Moody v. Macomber

158 Mich. 209 | Mich. | 1909

Montgomery, J.

This is an appeal from an order overruling a demurrer to complainant’s bill. The complainant is executor of the last will and testament of John B. Sutton, deceased, and in that capacity claims title to 130 *210acres of land, of which John B. Sutton was the owner at one time during his lifetime. The bill alleges that, after the death of John B. Sutton, his widow, Louisa A. Sutton, caused to be recorded in the office of the register of deeds a warranty deed from John B. Sutton to her of the land described in the bill, and that on the 10th of April, 1907, she conveyed by warranty deed the premises described in the bill to John B. Macomber, the defendant in the suit. The bill further alleges that the deed to Mrs. Sutton was never delivered, and that by its terms it was not to become operative until the death of John B. Sutton, and was in legal effect an attempted testamentary disposition of property, and was revoked by a later will. The bill also alleges that these conveyances constitute a cloud upon the title of complainant, but there is no averment that the complainant is in possession of the land described in the bill, either actually or constructively, or that the defendant is out of possession. The bill alleges that the defendant was the tenant of Louisa A. Sutton on the premises after the death of John B. Sutton and until the death of Louisa A. Sutton, who died on the 11th of January, 1908, and that at the time of the death of John B. Sutton the personal property on said premises belonged to John B. Sutton and John B. Macomber in equal shares, and that, by the terms of the will of John B. Sutton, Louisa A. Sutton became entitled to the use of the interest of his estate in said personal property for and during her natural life, but said John B. Macomber now claims that said Louisa A. Sutton sold the one-half interest in said personal property to him, and now claims to own the whole of said personal property by reason of a bill of sale of the one-half interest given to him by the said Louisa A. Sutton. The bill prays that the cloud upon complainant’s title be removed, and also prays that the defendant account for one-half of the personal property on the farm at the death of Louisa A. Sutton.

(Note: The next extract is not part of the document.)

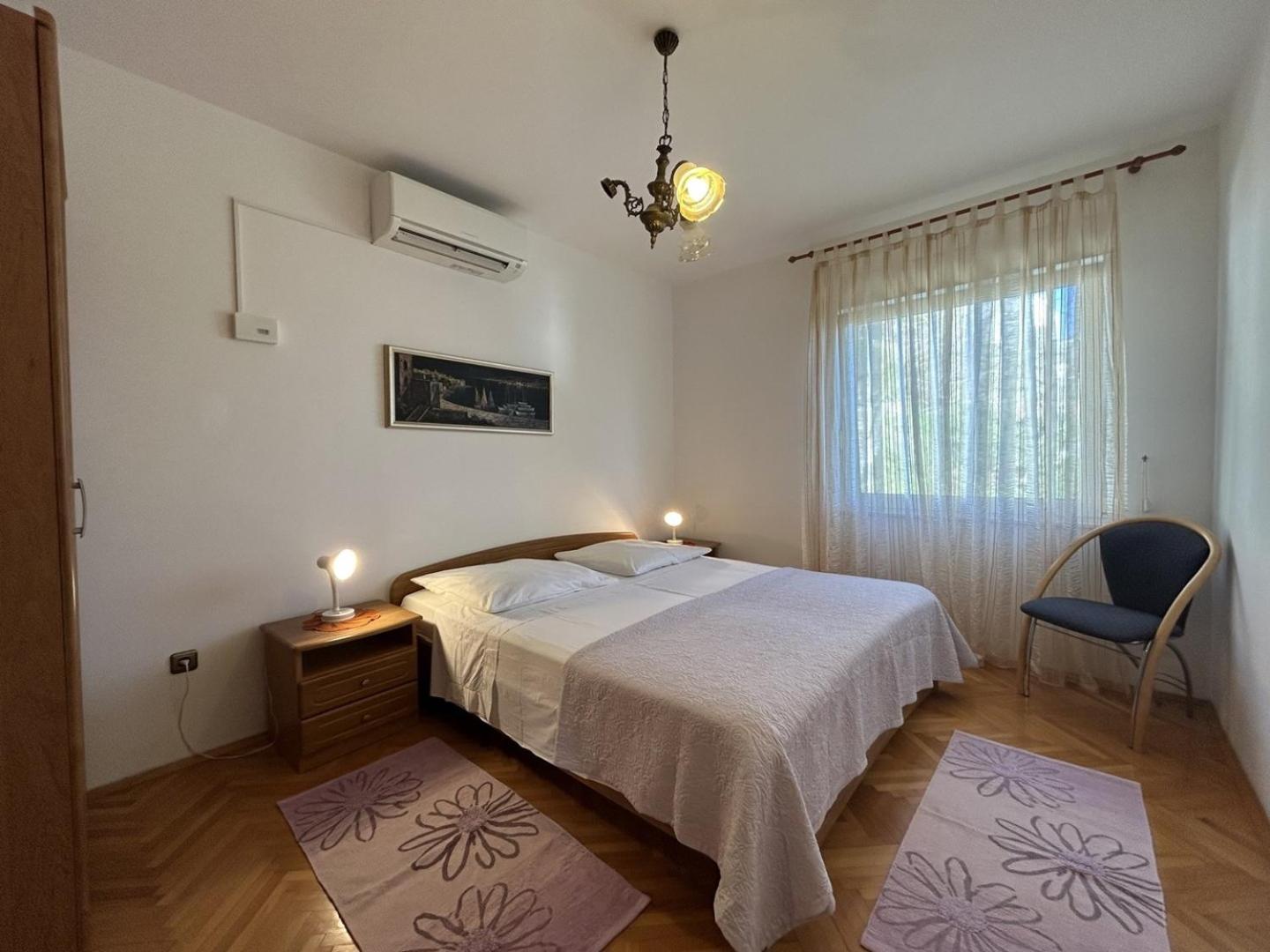 Azure Apartments By The Sea Near City 奥米什 外观 照片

We are constrained to hold that the court was in error in overruling the demurrer. The bill is essentially a bill *211to quiet title to real estate, and to maintain such a bill under the statute (1 Comp. Laws, § 448) it is essential to aver that complainant is in possession or that the defendant is not in possession. See Seymour v. Rood, 121 Mich. 173 (79 N. W. 1100); Chandler v. Graham, 123 Mich. 327 (82 N. W. 814); Crosby v. Hutchinson, 126 Mich. 56 (85 N. W. 355).

It is conceded that this is the general rule; but it is urged that, whereas in this case the question of right depends upon the construction of a deed and there is no occasion for the intervention of a jury, it is immaterial whether the judge is sitting on the law or chancery side of the court, and in such case an exception should be in-grafted on the rule stated in the cases cited. We think it far better that the practice should he adhered to, and that the title to real estate should not be left to be tried in equity where the remedy of ejectment is open, unless the case is distinctly brought under some other head of equity jurisprudence. In this case no charge of fraud appears in the bill, and there is no reason for departing from the rule on that ground.

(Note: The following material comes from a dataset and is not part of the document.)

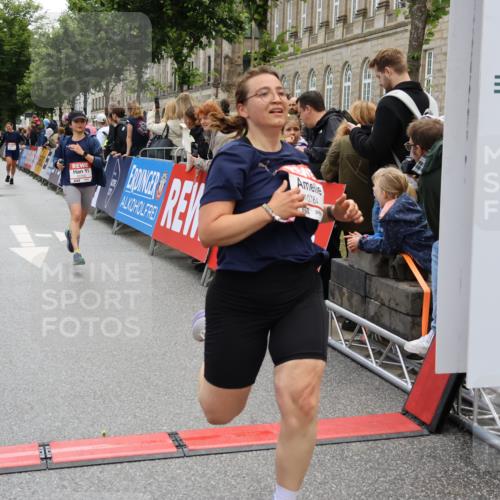14.06.2026 - REWE Women's Run Strokosch-Dieckow http://msf.ph/oto/9786570 14.06.2026 10:08:31 Ziel 10574, 10578, 10760, 10764, 10963, 11525 meine-sportfotos.de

It is urged in this court that, as an accounting as to the personal property is asked, equity would obtain jurisdiction for that purpose. As the bill is framed, there is nothing to indicate that the title or interest of the executor is other than an undivided one-half interest in the personal property. There is no averment of any uncertainty as to what this property consists of, and no suggestion in the bill that there has been any depreciation of property to be taken into account. We see no reason, therefore, why the rights of the parties as to the personal property may not be tried at law. Nor does the bill allege that there has been any demand for any accounting. We think the case is clearly one of mistaken remedy.

The decree will be reversed, with costs of both courts, and the case remanded.

Grant, Ostrander, Hooker, and Moore, JJ., concurred.